I’m in Washington and so I’m seeing different commercials here: spin aimed at a few hundred legislators and regulators. And boy, oh boy, are the telcos spinning on net neutrality.
I saw one commercial urging a vote against neutrality ending with this punchline: “They call it net neutrality. We call it sticking it to the consumer.” This from the folks who know all about sticking it to the consumer: phone companies (and their friends). Here‘s their website.
Later, I saw another commercial arguing that the current legislation embodies Michael Powell’s four freedoms for the internet and so that’s plenty and anything more would be dreaded government regulation. Their site is here.
It’s all transparently opaque: They don’t say what they’re up to but they’re trying to hard it’s obvious they’re spinning.
: At the Union Square roundtable about net neutrality, copyright, patents and such last week, I argued that apart from a blogging campaign, the net neutrality folks are doing a terrible job presenting the case to the public.
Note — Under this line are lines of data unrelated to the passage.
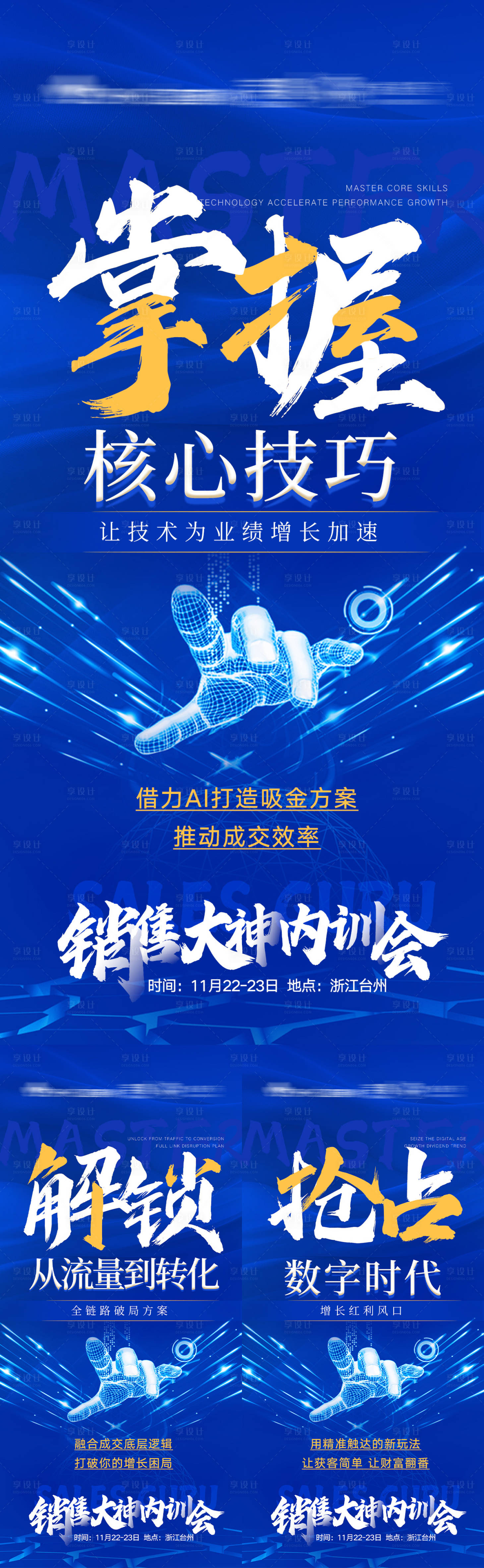 源文件下载【享设计】搜索编号：20430035882138846【微商招商海报】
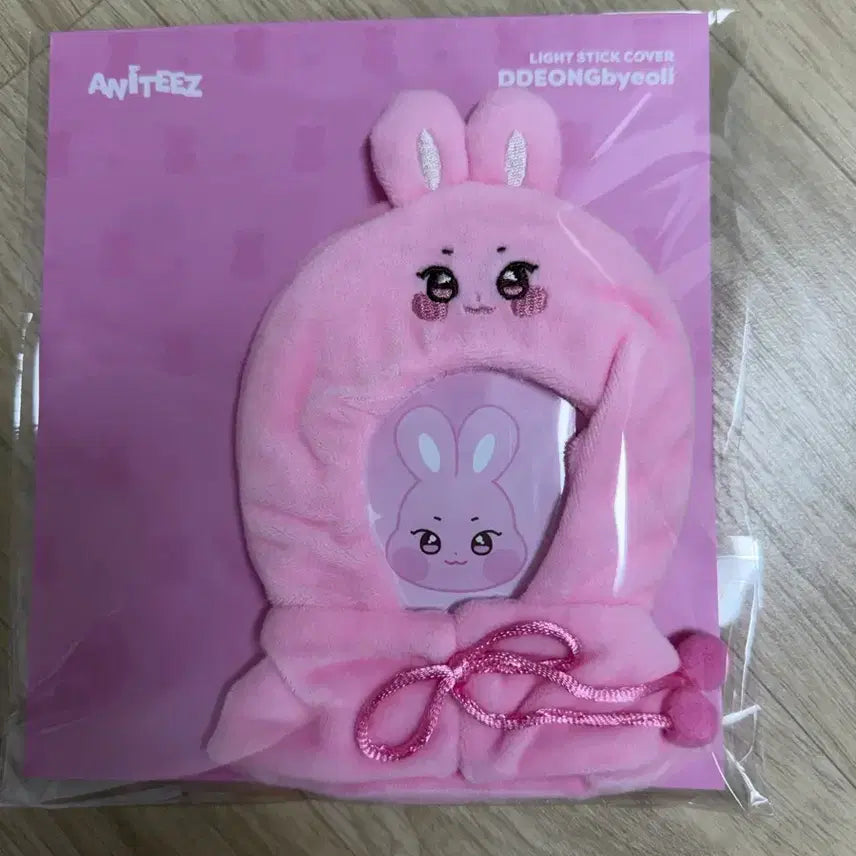 [BUNJANG] Ateez Seonghwa Aniteez Popup Lightstick Cover / 미개봉 에이티즈 성화 떵별이 팝업 응원봉 커버 애니티즈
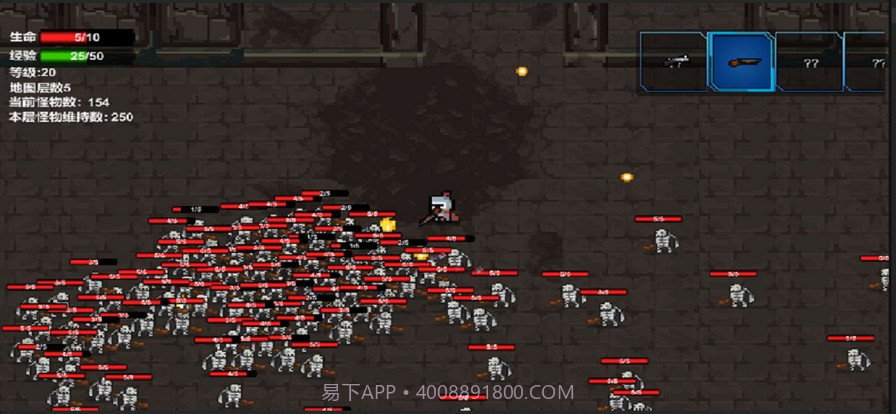 转生之勇者开挂截图2 转生之勇者开挂截图2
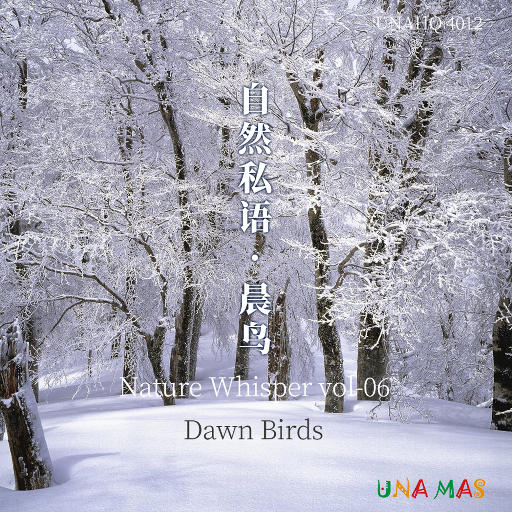 借种被C哭高H野外糙汉视频
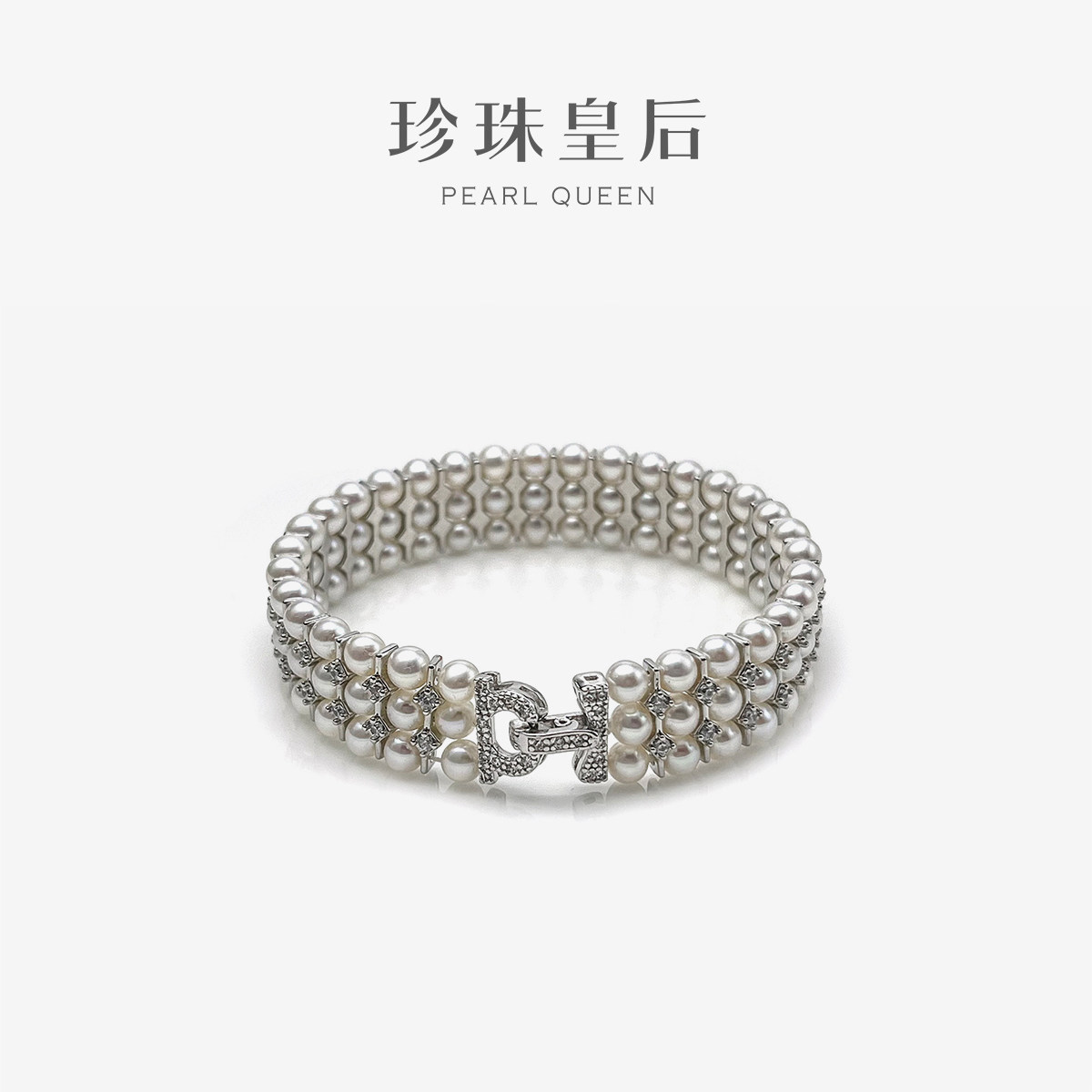 珍珠皇后 淡水珍珠手链女4.5-5mm淡水三排珍珠手链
Someone else said that the folks who came up with monikers like “the death tax” would never call a cause “net neutrality.” Tom Evslin says they should be calling it “America’s Antiterrorist Network.”
: I wish someone in D.C. would record and share the commercials that run only here so we can all get a window on how the lobbyists are spinning their webs around our government.
: LATER: I missed it the first time I heard the commercial above but just saw it again: They are using Google as the bad guy. Big, bad Google is trying to make you pay for the internet, they say. Their logic is missing a few links but it’s fascinating that they can paint Google in a dastardly role. Maybe they have research to show falling trust in Google. Maybe they just think that big is bad and now Google is bigger than they are.